It must have been galling for Caterham to watch Marussia score their first Formula One points, particularly so amidst reports that the green team’s owner, Tony Fernandes (above, left), appears to have put the wheels in motion to sell the team. Fernandes, who had a considerably better weekend in his role as Queens Park Rangers owner, has lost interest in Formula One over the past year and, according to a Bloomberg report on Sunday, is now having a sale prospectus for the team and the wider car company he has built around it distributed to potential buyers. Fernandes, Bloomberg reports, is looking for around UK£350 million for the group, which also includes specialist technical arms, and although there has been no official word from the Malaysian – he was otherwise engaged at Wembley – it is believed the sales pack is making its way around the Middle East.

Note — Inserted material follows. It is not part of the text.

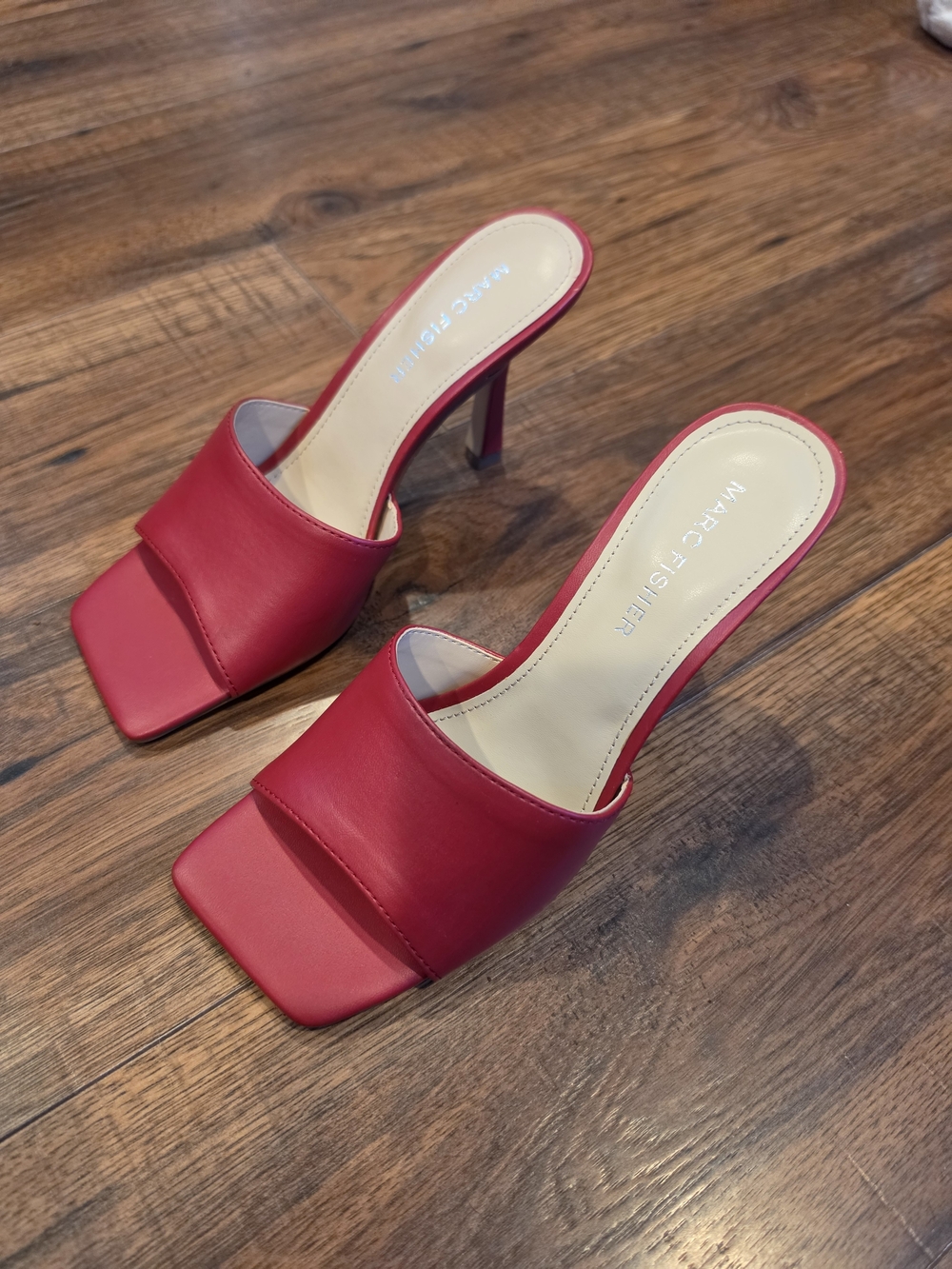 Marc Fisher Red Heels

It was set to be another fairly standard weekend for Formula One’s smallest team, which has become accustomed to making up the numbers in the back third of the field. All that changed on Sunday, however, with a terrific driver from Jules Bianchi yielding two points, the first in the team’s five-year history, for ninth place. Quite what that will be worth at the end of the season depends on results from now until then, but if Marussia were to finish in the top ten in the world championship for a second successive year it would mean it moves into a new section of Formula One’s complex wealth-distribution formula, which might in turn mean the team is handed a US$30 million increase in prize money. The team’s ownership is believed to have quietly changed hands in recent weeks after Russian luxury car company Marussia Motors closed its doors. A company called Marussia Communications Limited is now thought to own the team, although it remains an independently-run entity. A potentially slightly richer one, too, after a weekend where Marussia showed that while the Monaco Grand Prix may be about many things, it is, most of all, about the glory.

Quote of the weekend

“Unfortunately we seem to have done this in one of the more expensive places to go out, and we have the smallest budget in Formula One. Maybe a half for everyone?”

The financial reality of scoring points in Formula One hits Marussia’s sporting director Graeme Lowdon.